Meta-Learned Memory

Automatically discovering how LLMs should manage their context window

Updated 2026-02-10

How an LLM uses its context window matters a lot – the difference between a good and bad context management strategy can be 6x on downstream tasks1. Right now, these strategies are hand-designed. We’re trying to automate that.

The idea

We represent context management strategies as executable Python programs: each program decides what to store, how to retrieve it, and how to format it for the model.
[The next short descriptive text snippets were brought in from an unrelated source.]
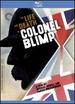 The Life and Death of Colonel Blimp (Criterion Collection) [Blu-Ray]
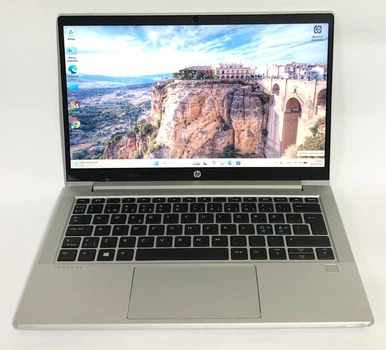 Ноутбук HP ProBook 430 G8 - 13,3" (1366x768) / i3-1115G4 / 8gb / 128gb ssd / Windows 11 Pro, Б/у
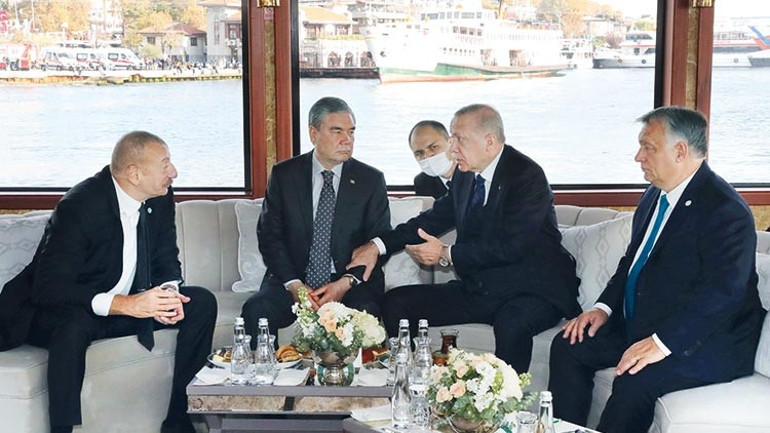 ‘Türk Keneşi’nin İstanbul çıkarması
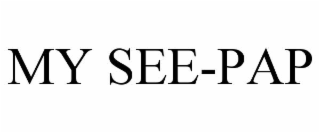 MY SEE-PAP
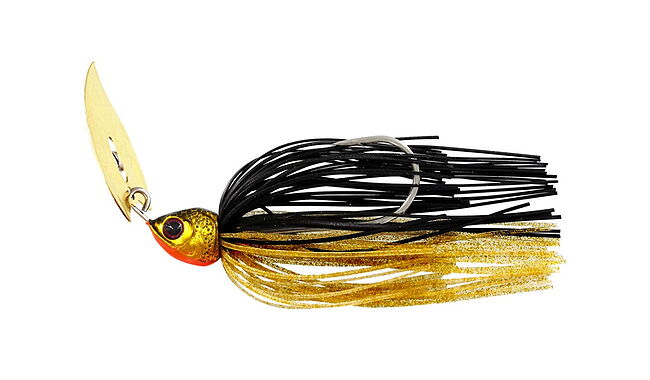 Блешня Westin Bladebite V2 Tungsten Bladed Jig 2/0 9 г - фото 4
Then we search over the space of programs using LLM-guided evolution. The search loop maintains a population of strategy programs, evaluates them on a task suite, and uses an LLM to propose mutations informed by execution logs. The result is a fully automatic pipeline that discovers context strategies without human design effort.

Results

Main results table
Reference baselines (top) vs. meta-learned strategies (bottom). Best strategy reaches 55.8% average accuracy -- 8.3 points above the hand-designed ACE baseline -- while using 3x fewer context characters.

What we found

  • The search discovers qualitatively distinct strategies. Across runs, 7 different strategy families emerged, not just minor variants of each other. Some resemble known approaches; others are genuinely novel.
  • Novel strategies include an online bandit over retrieval methods that dynamically selects between different retrieval functions based on recent reward, and a dual-pool MMR diversity scheme that maintains separate memory pools and merges them using maximal marginal relevance.
  • Less context can be better. The top strategies aggressively compress and filter, suggesting that current models are hurt more by irrelevant context than by missing information.
  • Paper (coming soon)
  • Code
  1. Measured on the SWE-bench Verified suite across 64 agent configurations. See the full benchmark data for details.